Here are some trigger points that you should be on the lookout for:
Stress can wreak havoc in anyone's life, whether they're in middle school or nearing retirement. It's caused by a lot of factors, like family problems, work, money, or extreme circumstances. It's not enough to say "just try to relax", because that simply won't work. Of course, sometimes sitting down and doing breathing exercises might bring your heart rate and stress level down significantly, if you identify major stress as a trigger point, it might be a good idea to talk to someone about developing powerful coping mechanisms in order to deal with it. Stress often triggers hot flashes, and if it's a prolonged problem in your life, then the hot flashes might intensify and be hard to manage.

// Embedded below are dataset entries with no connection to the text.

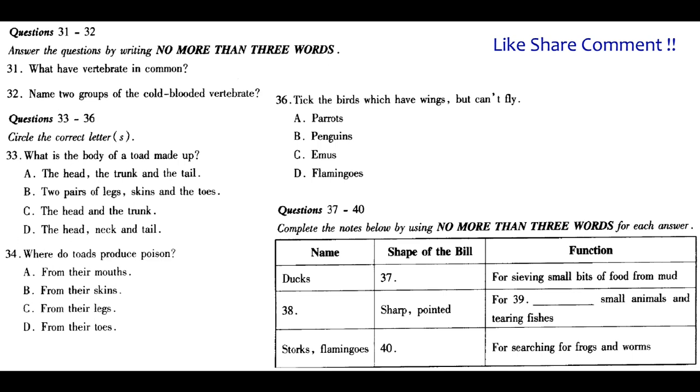When the baby is older, it takes care of itself. That's the end of Section 4. You now have half a minute to check your answers.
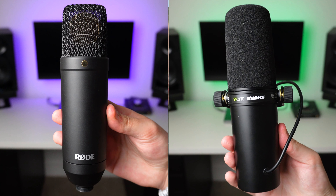In this video, we're going to be comparing two very popular home studio mics to help you decide if you should consider one for your home studio.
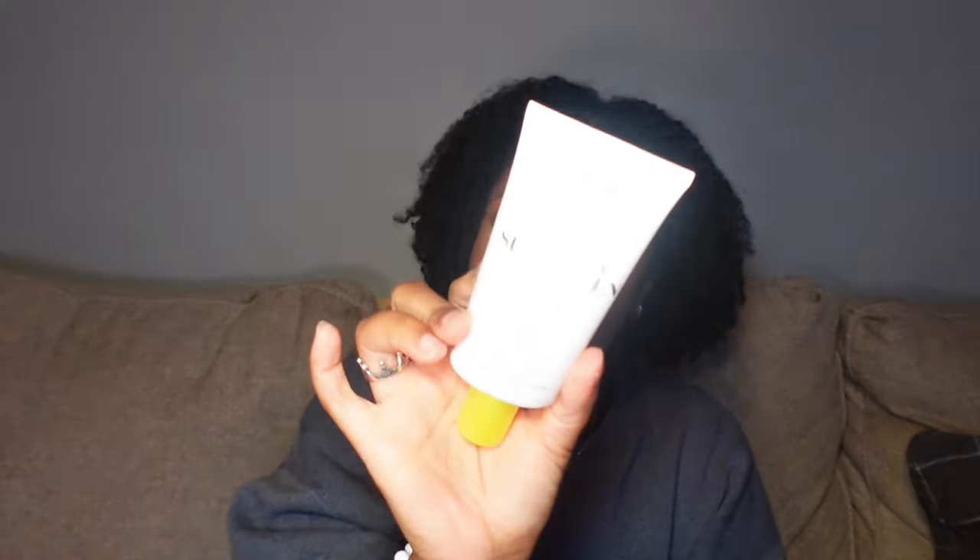Then we have my Unseen Sunscreen — SPF 40. My black queens, this is such a game changer. If you're already using it, you know. If you're not, I 10 out of 10 highly recommend it. I found it on TikTok while looking for a new SPF and it led me to the right product. Lastly, since I struggle with acne, my Mighty Patches are a favorite — pop one on and the blemish is gone by the next morning.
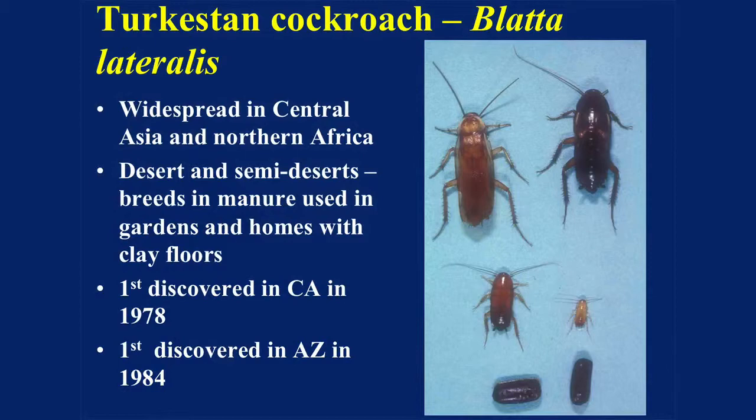In the last 10 minutes, I have to talk a little bit about Turkish sand cockroaches. You couldn't have a talk about urban insects without talking about cockroaches. This is a very, very interesting species. It's become widespread now in New Mexico, Arizona, around California. It's rapidly spreading.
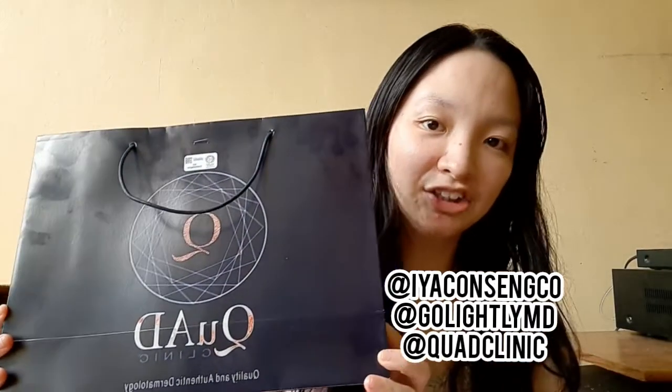Hello everyone, I'm Ia Konsenko and welcome to my channel. Today I will be doing a very quick unboxing of this package that I got from Quad Clinic, and specifically from my very own board-certified dermatologist, Dr. Cheska. So thank you so much, Dr. Cheska, for sending me my care package for today.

Weather can also be a trigger point for hot flashes. This makes sense since hot flashes happen as a result of your body's natural thermostat going a bit bonkers. When it's time to cool down, it might go into a tailspin. Try to keep cool when it's warm out, especially in your own home. Keep track of your thermostat and make sure the environment in your bedroom is cool and calming. If you sleep in a hot and stuffy bedroom, it might increase the severity of hot flashes or trigger them.
In order to help with body temperature changes, it's a good idea to dress in layers or even bring a fan. The good old-fashioned fan can be a lifesaver when you're having a hot flash and really help to keep your temperature down and provide a gentle breeze. Electric fans help too!
There are certain foods that may bring out your hot flashes. This might not come as a surprise, but spicy food has that effect on many people. It's no wonder these foods are called "hot"! Did you know that when you eat spicy foods your body temperature actually goes up? This then plays into the faulty, menopause-caused body thermostat and before you know it, you're having hot flashes and sweating profusely. Alcohol is also on the hot flash-triggering list. Taking it easy on the alcohol and spicy food is a big part of managing your menopause symptoms like hot flashes and night sweats. When it comes to alcohol, it can also trigger anxiety and depression, and interfere with your sleep cycles.
Hot flashes are a pain - they are exhausting and seem to take over your life. But hormone therapy and prescription drugs aren't everything. Although they are lifesavers and post-menopausal women will undertake some type of hormonal therapy sooner or later, there are ways in which you can alter your lifestyle, make adjustments to your diet, exercise, and supplement taking habits in order to greatly reduce your hot flashes, their frequency, and intensity.
This is also an excellent option for women that cannot have hormone therapy because of various health reasons. Talk to your doctor about any supplements you want to take because some herbs can react with medication. Natural menopause remedies are effective and strong - make sure that they don't interact with any prescription medication that you might be taking, and that if you choose to increase your exercise level you do it slowly.